There is science to be done, there is research to be run…
DMZ · October 17, 2007 at 7:27 pm · Filed Under Mariners
… on the people who are still alive*
M’s hitting since moving into Safeco Field, charted against league averages
Red is batting average
The other one is OBP
The top one is SLG
And on the other side, some pitching indicators.
Walk rate per nine innings (lower is better)
HR allowed rate per nine innings (lower is better)
Stirkeout rate per nine innings (higher is better)
* Portalllllllllllllllll!!!!
Comments
34 Responses to “There is science to be done, there is research to be run…”
Leave a Reply
You must be logged in to post a comment.
Where do these variances fall in in terms of our division/league opponents?
All these graphs really make me miss 2001.
Fun!
Edward Tufte — The Visual Display of Quantitative Information — would note that graphs like this that don’t begin at zero exaggerate the effect of the data, the worst offender here being Strikeout Rate, where 2005 is made to appear a much bigger outlier than it is.
I guess.
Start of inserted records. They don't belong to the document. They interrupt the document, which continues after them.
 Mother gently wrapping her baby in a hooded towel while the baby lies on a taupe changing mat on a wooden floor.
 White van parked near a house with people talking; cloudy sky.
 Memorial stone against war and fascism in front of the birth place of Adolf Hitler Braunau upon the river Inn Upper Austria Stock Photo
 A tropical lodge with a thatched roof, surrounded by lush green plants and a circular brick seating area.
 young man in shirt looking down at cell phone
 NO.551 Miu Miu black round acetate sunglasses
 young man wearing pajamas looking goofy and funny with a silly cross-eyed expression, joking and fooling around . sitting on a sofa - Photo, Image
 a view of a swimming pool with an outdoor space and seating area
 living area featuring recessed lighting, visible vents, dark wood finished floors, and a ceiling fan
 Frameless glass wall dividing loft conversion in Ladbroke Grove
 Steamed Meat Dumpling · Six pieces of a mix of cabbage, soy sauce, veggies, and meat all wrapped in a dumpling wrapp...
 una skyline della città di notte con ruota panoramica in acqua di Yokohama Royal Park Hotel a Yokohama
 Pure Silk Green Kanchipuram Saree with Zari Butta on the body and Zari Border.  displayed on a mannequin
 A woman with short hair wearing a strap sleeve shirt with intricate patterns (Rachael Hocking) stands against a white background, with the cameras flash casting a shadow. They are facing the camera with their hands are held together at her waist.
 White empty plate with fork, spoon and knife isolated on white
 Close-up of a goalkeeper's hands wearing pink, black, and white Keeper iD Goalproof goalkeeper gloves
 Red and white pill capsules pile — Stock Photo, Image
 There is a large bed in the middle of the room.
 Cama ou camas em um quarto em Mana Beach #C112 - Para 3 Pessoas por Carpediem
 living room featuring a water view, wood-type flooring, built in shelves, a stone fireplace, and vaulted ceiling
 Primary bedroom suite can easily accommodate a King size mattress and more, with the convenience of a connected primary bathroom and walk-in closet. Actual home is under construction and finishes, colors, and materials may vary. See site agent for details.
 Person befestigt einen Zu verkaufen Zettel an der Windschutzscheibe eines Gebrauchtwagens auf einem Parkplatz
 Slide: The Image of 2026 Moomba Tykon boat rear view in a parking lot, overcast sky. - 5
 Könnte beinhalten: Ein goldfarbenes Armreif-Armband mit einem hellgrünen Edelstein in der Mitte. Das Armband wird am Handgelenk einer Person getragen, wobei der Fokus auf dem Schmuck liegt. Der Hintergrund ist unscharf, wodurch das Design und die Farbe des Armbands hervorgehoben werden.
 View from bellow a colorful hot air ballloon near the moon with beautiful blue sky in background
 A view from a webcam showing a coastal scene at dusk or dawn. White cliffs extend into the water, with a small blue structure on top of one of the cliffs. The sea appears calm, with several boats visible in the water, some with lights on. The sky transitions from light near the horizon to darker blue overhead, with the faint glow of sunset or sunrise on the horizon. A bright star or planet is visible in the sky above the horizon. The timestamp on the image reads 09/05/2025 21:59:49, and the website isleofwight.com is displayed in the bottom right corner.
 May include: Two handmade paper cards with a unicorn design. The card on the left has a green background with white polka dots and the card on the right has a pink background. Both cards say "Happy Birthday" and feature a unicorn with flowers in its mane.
My counter would be that they looked really crappy at 0, and the bounds are set more or less at the outlier points.
my brain is full.
I don’t know what the statistical odds of this were, but Kranitz hired on with the O’s
Edward Tufte — The Visual Display of Quantitative Information — would note that graphs like this that don’t begin at zero exaggerate the effect of the data, the worst offender here being Strikeout Rate, where 2005 is made to appear a much bigger outlier than it is.
I’ve heard this ridiculousness before about graphs in general, and it’s just that–ridiculous. All including the origin does is to waste a bunch of perfectly useful space on the graph. The vertical axis is labelled perfectly well in each graph–there’s nothing disingenuous about the data presentation. If the viewer has a reason to believe that 0.6 K/9 is a large variance, then you would even be doing him a disservice by including the origin and making all of the variations look tiny.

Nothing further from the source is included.